Many consider Hamlet to be one of the most influential tragedies ever written.  

VPR’s Nina Keck has more.

(Bouchard) "Hamlet is about what does it mean to be human?

(Keck)    That’s Bruce Bouchard, an actor, producer and now Executive Director of Rutland’s Paramount Theatre.  

(Bouchard) "What does it mean to follow my instincts?  To be or not to be?     To kill or not to kill?   To avenge or not to avenge?  To love or not to love?   It’s life – it’s the central dilemma of being human, that’s the play’s greatness."

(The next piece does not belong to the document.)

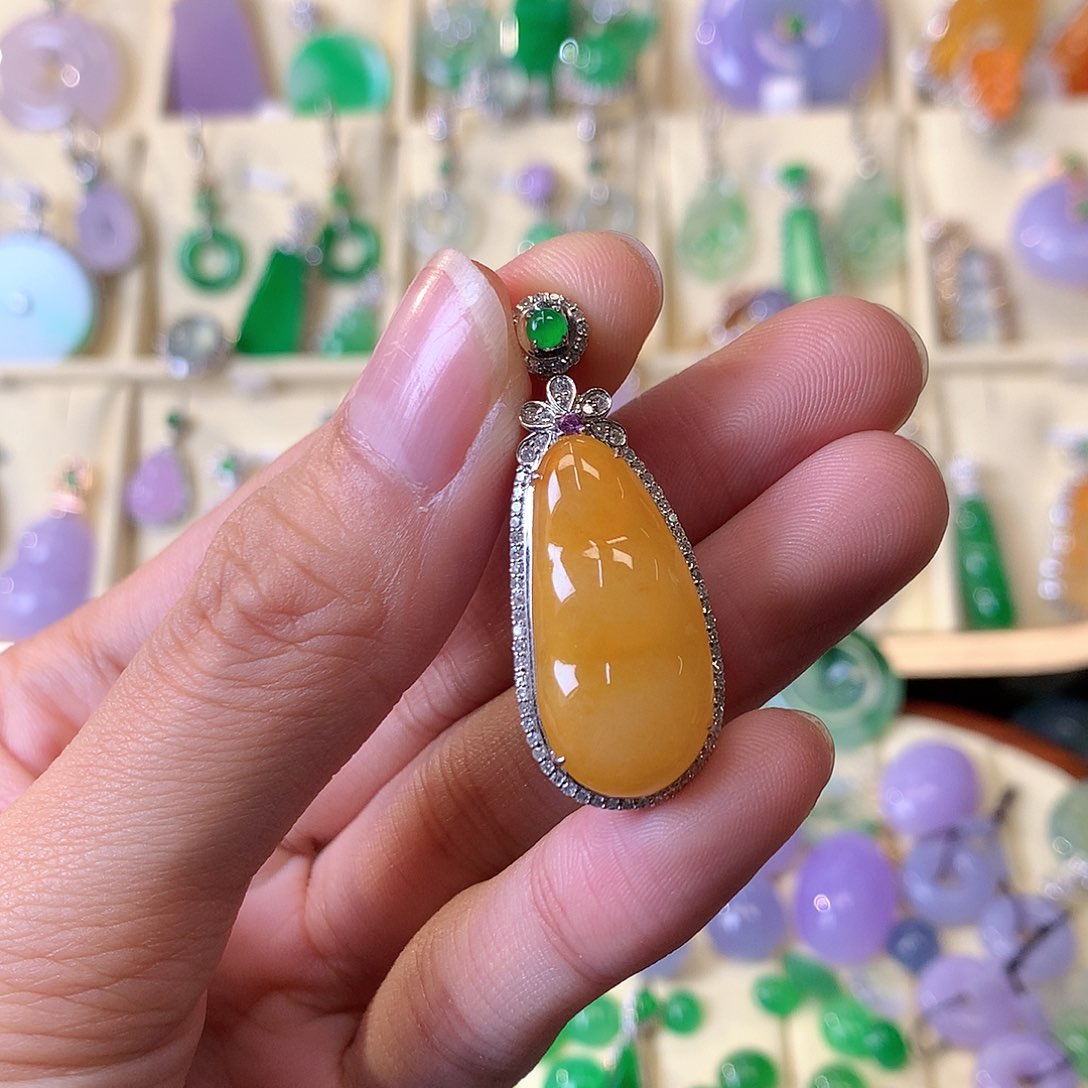 翡翠颈饰18K金镶嵌嘉*吊坠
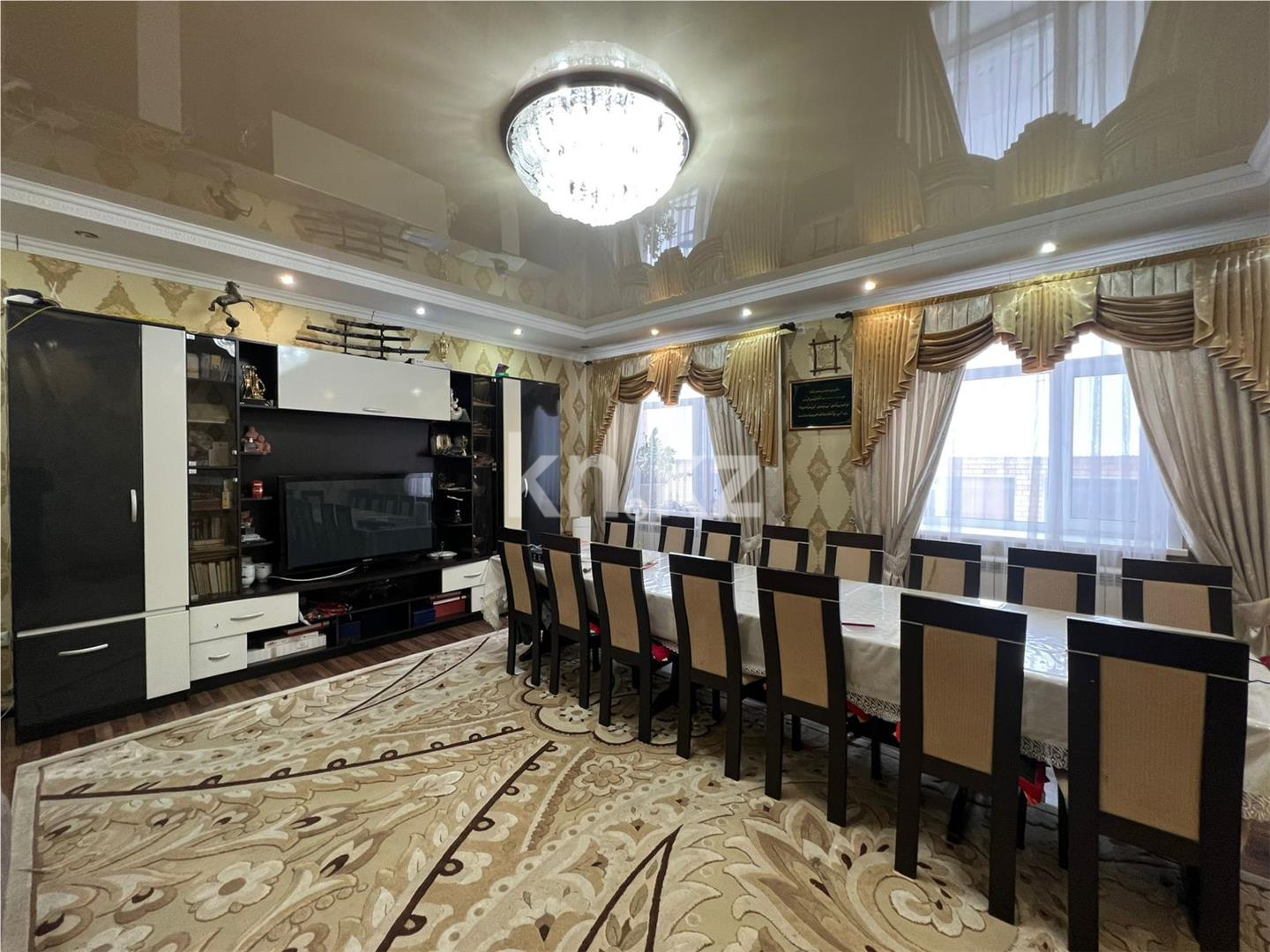 Продажа 10-комнатного дома, 540 м² в Караганде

(Keck)   Bouchard says Hamlet works through all those weighty issues while he and the other characters throw out some of the best known lines in literature.   Here’s the gist:

Hamlet is the prince of Denmark, and he’s depressed.     His father, the King, has recently died – and his mother – Queen Gertrude – is now remarried to his father’s brother, who has taken over as King.   Now here’s where it gets interesting. . . . A ghost of the dead king appears to Hamlet and tells his son that he was murdered by none other than his uncle, who’s now on the thrown and married to his mother, the Queen. The ghost of the dead king wants revenge and Hamlet, poor boy, agonizes over what to do.

Gail Paster, Director the Folger Shakespeare Library in Washington D.C., says Hamlet is the quintessential guy in a jam.  

(Paster) "Even though the language of the play is very elevated and very dense, and even though none of us is a prince of Denmark and our family problems have no dynastic implications, we can somehow pierce through and remember moments where we, too, feel unprepared for the circumstances of our lives.”

(Keck)   Matt McDonough, an English teacher at Rutland High School, says prior to Hamlet, stories were typically told with action or violence.   Shakespeare broke new ground he says by developing a character who used his brain more than his sword.

(McDonough) "We get a lot of him thinking to himself, `Is the ghost real; is the ghost fake?  Is the ghost good; is the ghost evil?   Should I take care of Claudius now?   No, if I take care of him now he’s going to go to heaven.’  All these problems over and over again and he talks them through.  The romantic poet Samuel Coleridge thought that Hamlet’s flaw was that he thought too much.  And Nietzsche, the German philospher said he didn’t think too much, he thought too well."  

(Keck)    Bruce Bouchard, Director of Rutland’s Paramount Theater, says for people who haven’t had a chance to experience Hamlet, Friday’s production is a must-see.  Partly, he says, because of Shakespeare and Company’s reputation, but also because of the unusual casting.   Tina Packer, who founded Shakespeare and Company 30 years ago, plays Queen Gertrude, while her real-life husband and son round out the cast.

(Bouchard) "It’s mom playing Gertrude, her son, Jason Asprey, playing her son in the play, the troubled Dane  Hamlet and her husband of 30 years playing Polonius, the father who is killed, who Hamlet sets out to revenge.    Wow!   Ben Brantley in the Times said – in addition to his raving about the production’s clarity and intension – he said enough for Freud to chew on for years."

(Keck) To borrow shamelessly from Shakespeare "more relative than this, the play’s the thing."

For VPR News, I’m Nina Keck in Rutland.

(Host) Friday’s production of Hamlet begins at 7 at Rutland’s Paramount Theatre.